- [ASSIGNED TASK]:
Below this line are records; transcribe exactly the lines between the one holding "Дирижер — Антон Шабуров" and the one holding "Green dugdugi jewellery set", inclusive, and omit the pictures.

- [MATERIAL SHOWN]:
######

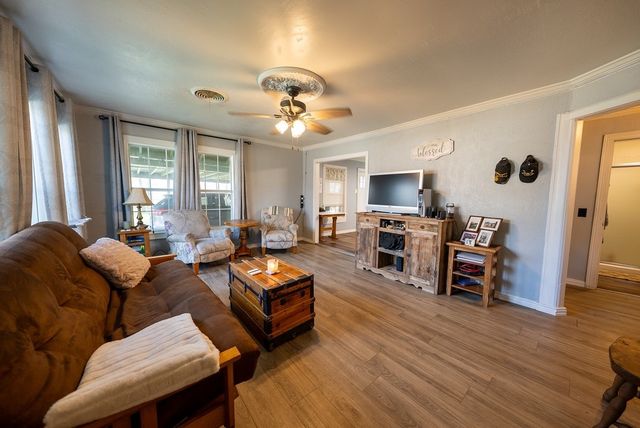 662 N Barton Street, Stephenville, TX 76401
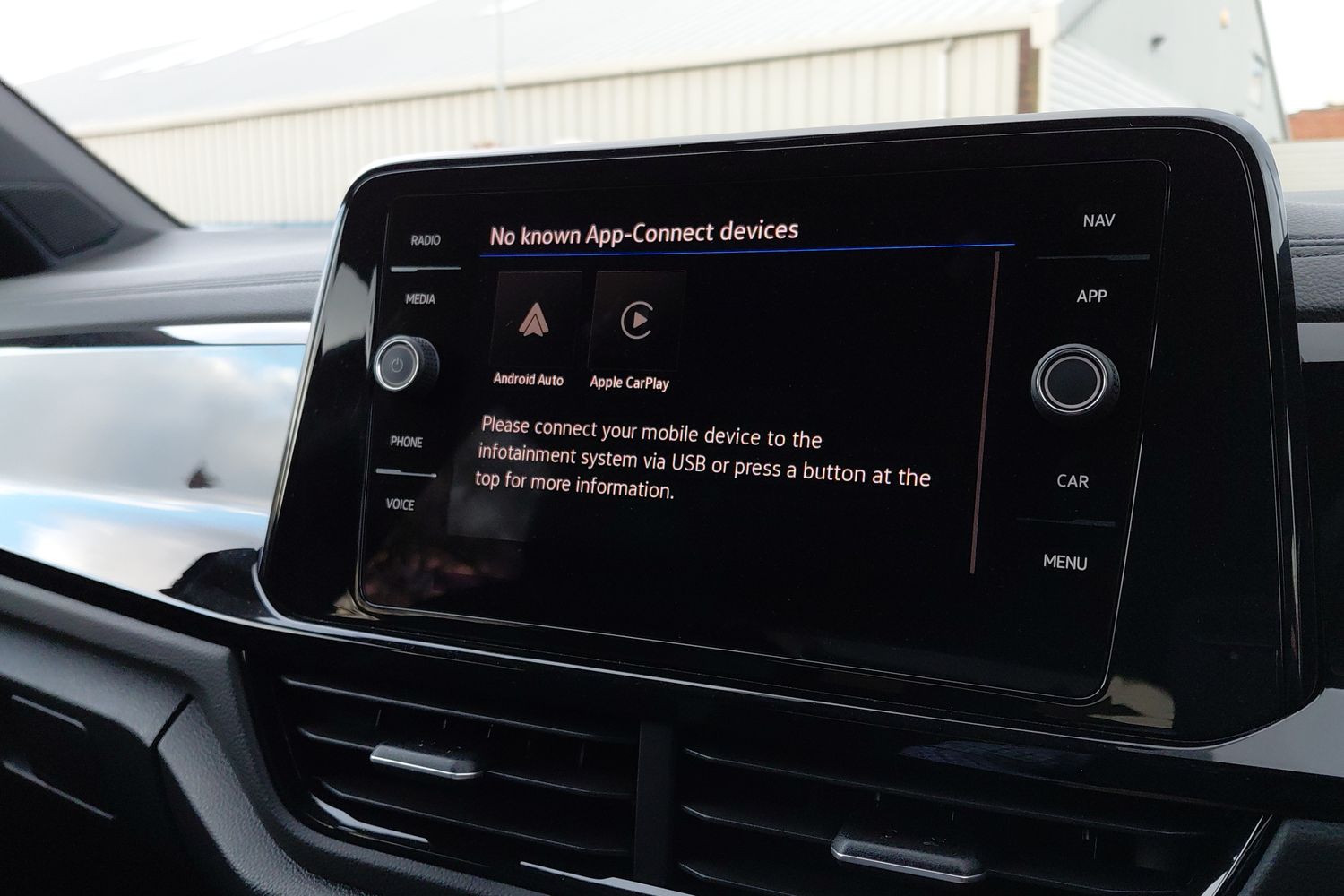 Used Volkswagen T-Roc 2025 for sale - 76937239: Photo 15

######

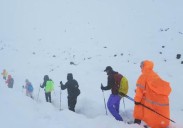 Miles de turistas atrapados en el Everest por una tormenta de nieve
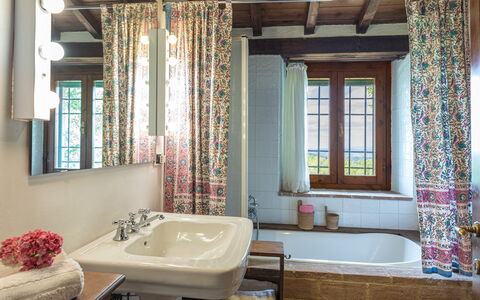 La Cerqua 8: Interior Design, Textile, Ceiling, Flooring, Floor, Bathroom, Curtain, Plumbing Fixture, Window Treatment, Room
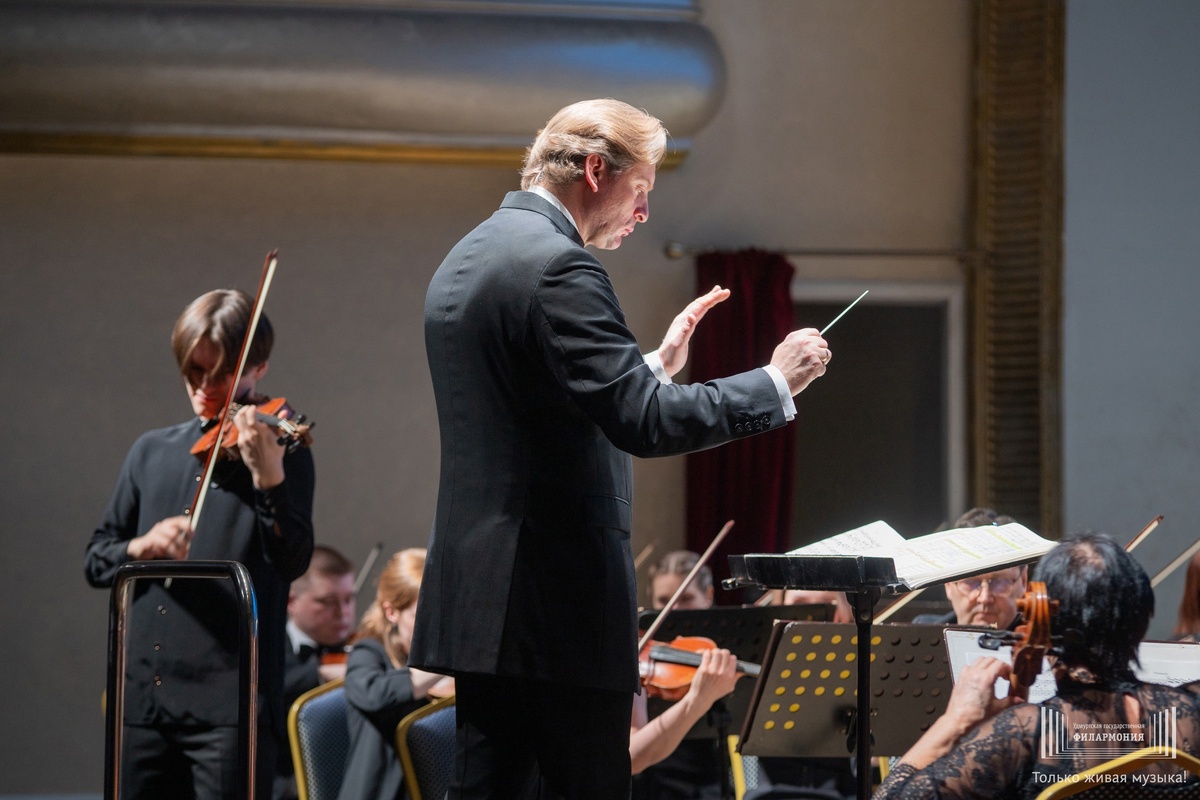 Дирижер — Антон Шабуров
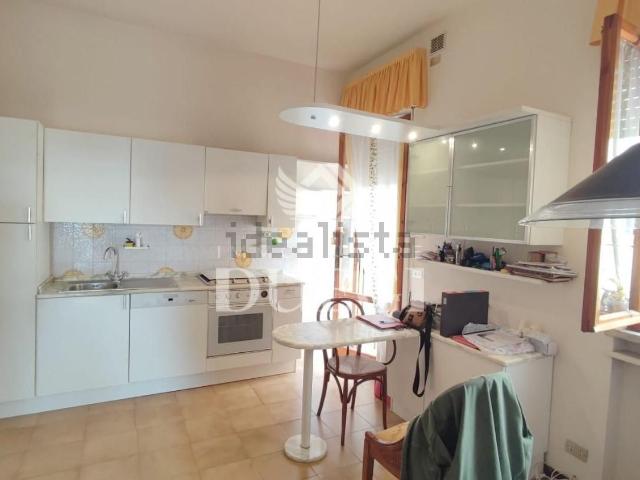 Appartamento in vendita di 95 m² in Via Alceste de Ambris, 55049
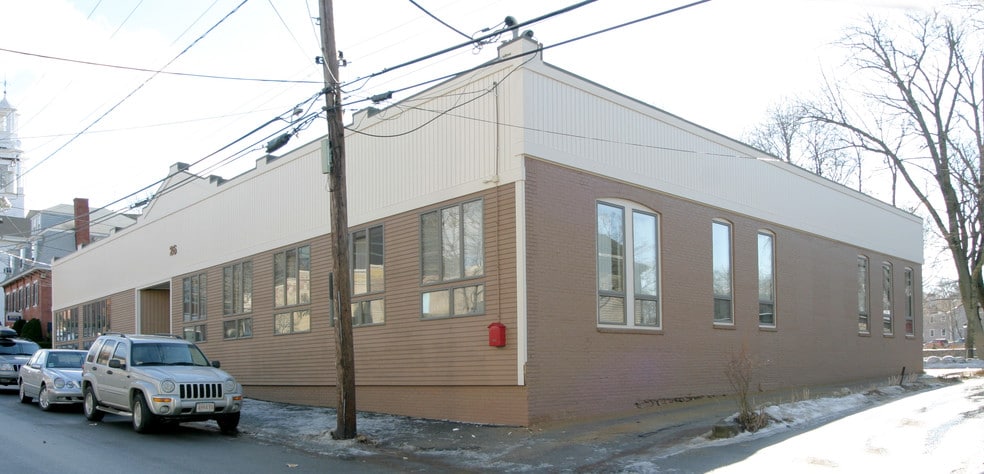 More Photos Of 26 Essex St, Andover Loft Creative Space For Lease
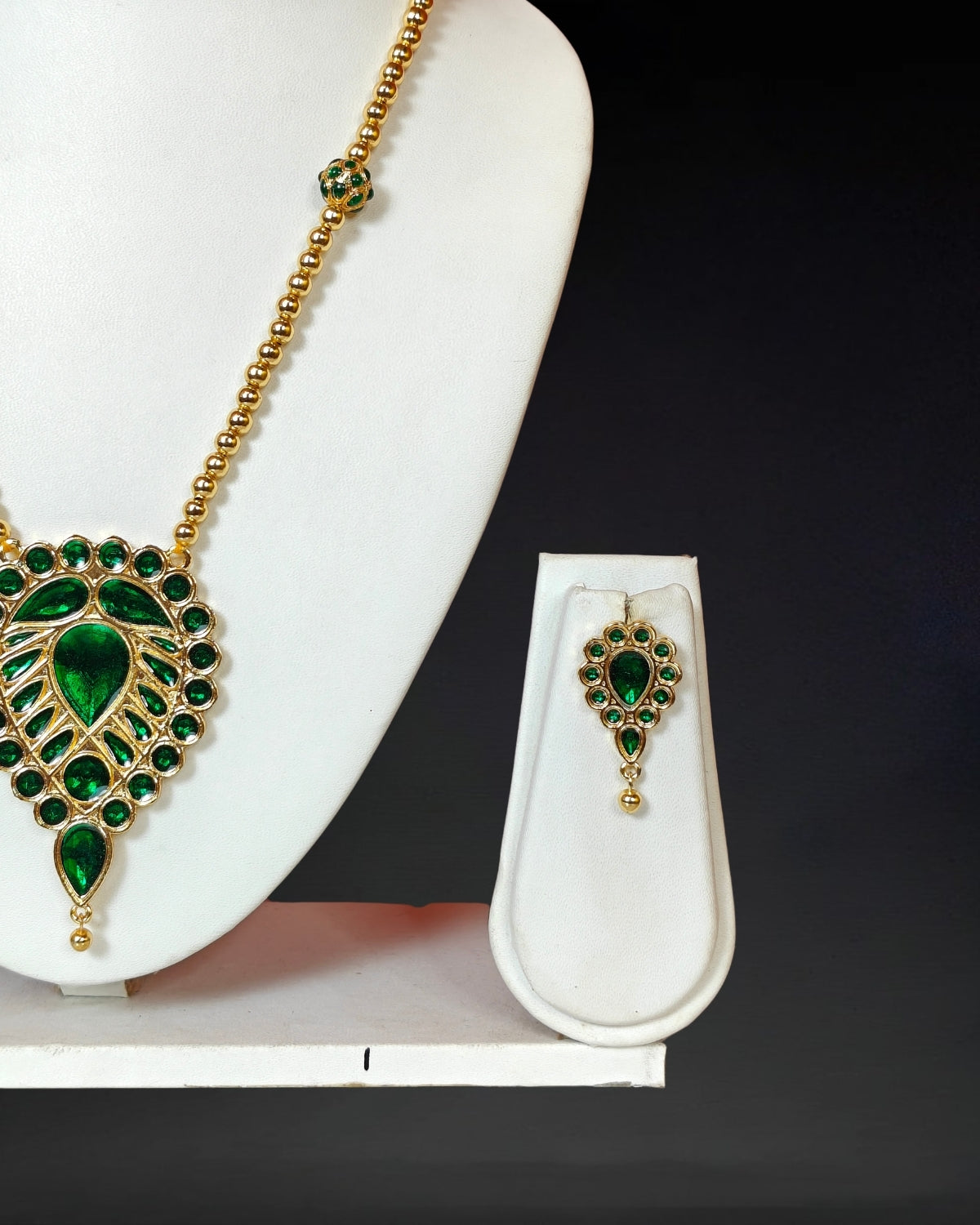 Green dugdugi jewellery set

######

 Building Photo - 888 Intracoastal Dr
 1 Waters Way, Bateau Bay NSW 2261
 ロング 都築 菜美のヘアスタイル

######

- [ANSWER]:
 Дирижер — Антон Шабуров
 Appartamento in vendita di 95 m² in Via Alceste de Ambris, 55049
 More Photos Of 26 Essex St, Andover Loft Creative Space For Lease
 Green dugdugi jewellery set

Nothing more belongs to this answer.